Despite my muscle weakening exhaustion, a heaviness weighing down upon my mentality, it seemed that I had yet to break down, to even slightly quiver ( a rarity for me and my mental state). Instead I ran on happiness for about two and a half weeks. Happiness from another human and happiness from denial. While I didn't do much photographing during this time I began to listen to photography podcasts, stories told by great photographers. I began to do my own research and dig up my own sources of inspiration. I have found in these two weeks that my new inspiration (though I have always loved many of these photographers) is darker than my clientele. The twisted, yet raw photographs of Goldin hardly tie into my Senior Photo Marketing.
Yet I crave that rawness, the sadness and horror within the images that are capturing moments of authentic, internal pain. My fingertips were first pushed towards a camera by the depression that seemed to hover over me five years ago and I have since been caught between the happiness of photographing others for their own pleasure and the emotional release that comes with photographing a darker, raw, concept.
five hour drive, NYC, 2018
on our way, New York, 2018
Little Maine seems to be slowly suffocating my expression, my passion but only because I let it... only because I do not take it upon myself to push deeper into what this beautiful (and complicated) state has to offer. Behind this "Vacation-land" face, is a darker interior riddled with the hardship of its population. And this is what I wish to explore.
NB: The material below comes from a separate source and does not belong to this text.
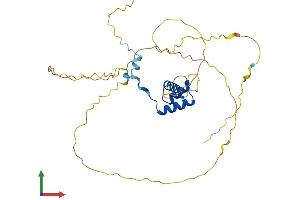AlphaFold protein structure predicition of Mouse Recombinant Nkx1-2 Protein, UniprotID P42580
Every conflict eventually must have a resolution... even if it's not a perfect one. My Instagram is likely to soon be scattered and messy... filled with lighthearted senior photos and contrasted by different-darker- work. I wish to push myself and strive to create photos that resonate with a different part of the heart and mind. While I love shooting work such as senior photos or couples, the feeling of capturing joy and personality in a way that makes the subjects feel beautiful, my artistic soul craves more. So I will do both.